Question

At what height above the Earth’s surface would the Earth’s gravitational field strength be equal to 7.5 N/kg?

Answer given: 915.8 km

Answer 1

This occurs at a distance of `7.3xx10^6` m from the centre of the Earth (which is 900 km from the surface).

Explanation:

Are we okay to start from the field equation for the Earth's gravitational field?

`g=(GM)/r^2` where M is the mass of the Earth.

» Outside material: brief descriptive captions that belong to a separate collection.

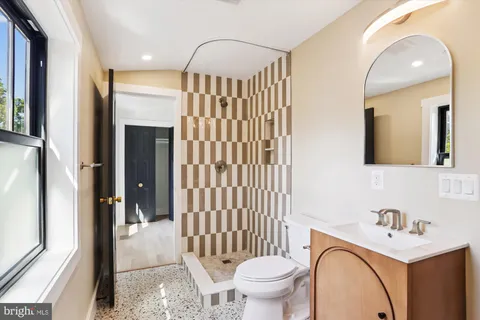 $1,839,000 | 6701 Allegheny Avenue, Takoma Park, MD 20912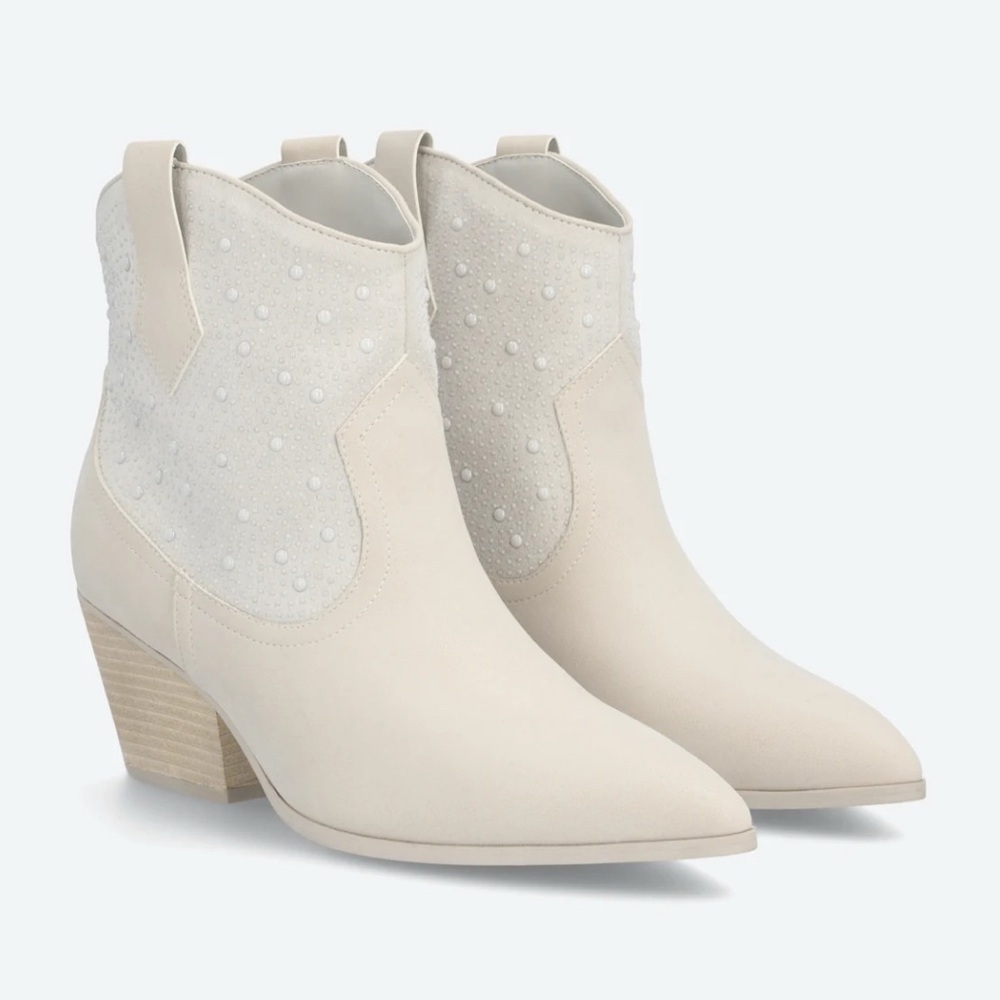 Cowgirl Booties Off-White Cream Pearl Studded Western Boots Block Heel Elegant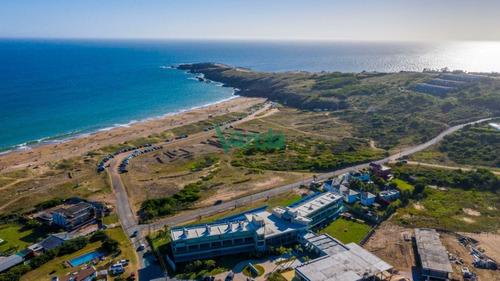 Imagen 23 de 28 de Apartamentos Sobre Playa De Las Grutas En Punta Ballena - Punta Del Este Peninsula
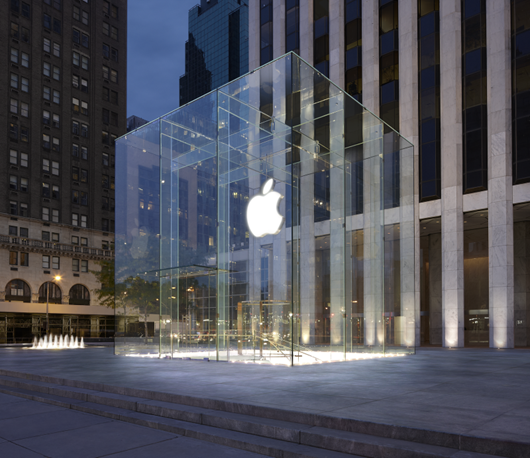 [apple-store-new-york-5th-avenue%255B3%255D.png]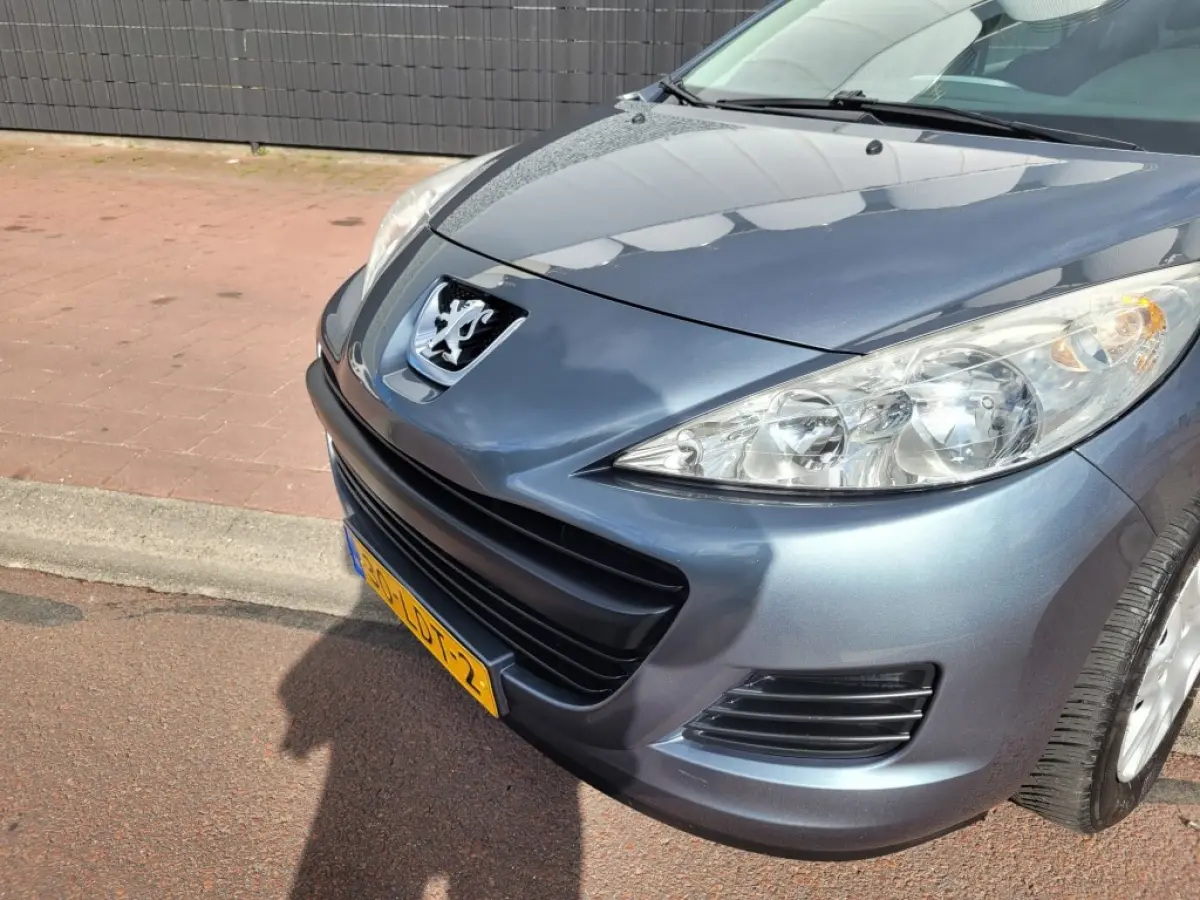 1.4 VTi X-line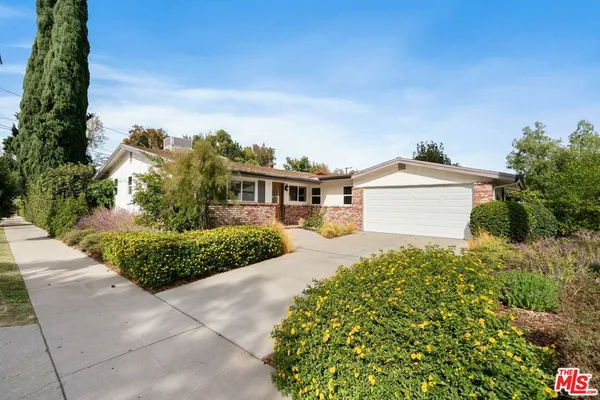 $5,750 | 5211 Allott Avenue, Sherman Oaks, CA 91401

What you do now, is change the subject of this equation so it solves for r:

`r = sqrt((GM)/g)`

Plug in the numbers, and you have it!

`r = sqrt(((6.67xx10^(-11))(5.98xx10^(24)))/7.5)`

= `7.3 xx 10^6` m

(By the way, since this value is from the centre of the Earth, and the radius of the Earth is `6.4 xx 10^6` m, we are looking at a point only 900 000 m (900 km) above the surface of the Earth.)

Answer 2

See below.

Explanation:

Given

`G = 6.673 10^(-11)`
`M_(earth) = 5.98 10^24`
`R_(earth) = 6.38 10^6` All in SI units.

We need the value of `r` such that

`(G M_(earth))/(R_(earth)+r)^2=7.5`

Solving for `r` we get

`r = 914.2` Km